The integration of quantum computing with AI represents a significant evolution in computational approaches. While classical computing relies on binary bits (0s and 1s), quantum computing utilizes quantum bits or qubits, which can exist in multiple states simultaneously thanks to the principles of superposition and entanglement. This fundamental difference enables quantum systems to process certain types of complex calculations exponentially faster than classical computers.

Applications Across Industries

The potential applications of quantum AI span numerous sectors:

• Finance: Quantum AI could revolutionize portfolio optimization, risk assessment, and fraud detection through superior pattern recognition capabilities.
• Healthcare: Drug discovery processes may be dramatically accelerated as quantum AI systems model molecular interactions with unprecedented accuracy.
• Logistics: Complex optimization problems like route planning and supply chain management could benefit from quantum computing’s ability to evaluate numerous possibilities simultaneously.
• Materials Science: Quantum AI could facilitate the discovery of new materials with specific properties by simulating atomic interactions more effectively than classical systems.

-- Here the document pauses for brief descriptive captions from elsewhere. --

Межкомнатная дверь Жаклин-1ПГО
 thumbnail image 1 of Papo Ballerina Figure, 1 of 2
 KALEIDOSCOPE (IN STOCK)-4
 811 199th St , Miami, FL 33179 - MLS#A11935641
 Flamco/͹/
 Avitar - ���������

Despite these promising developments, significant challenges remain. Current quantum computers are still limited by factors such as qubit stability, error rates, and the need for extreme cooling conditions. Additionally, developing algorithms that can effectively leverage quantum advantages requires specialized expertise that remains scarce in the industry.

As quantum hardware continues to advance and more organizations explore potential applications, the synergy between quantum computing and artificial intelligence is likely to yield increasingly practical solutions to complex problems that have long resisted classical computational approaches.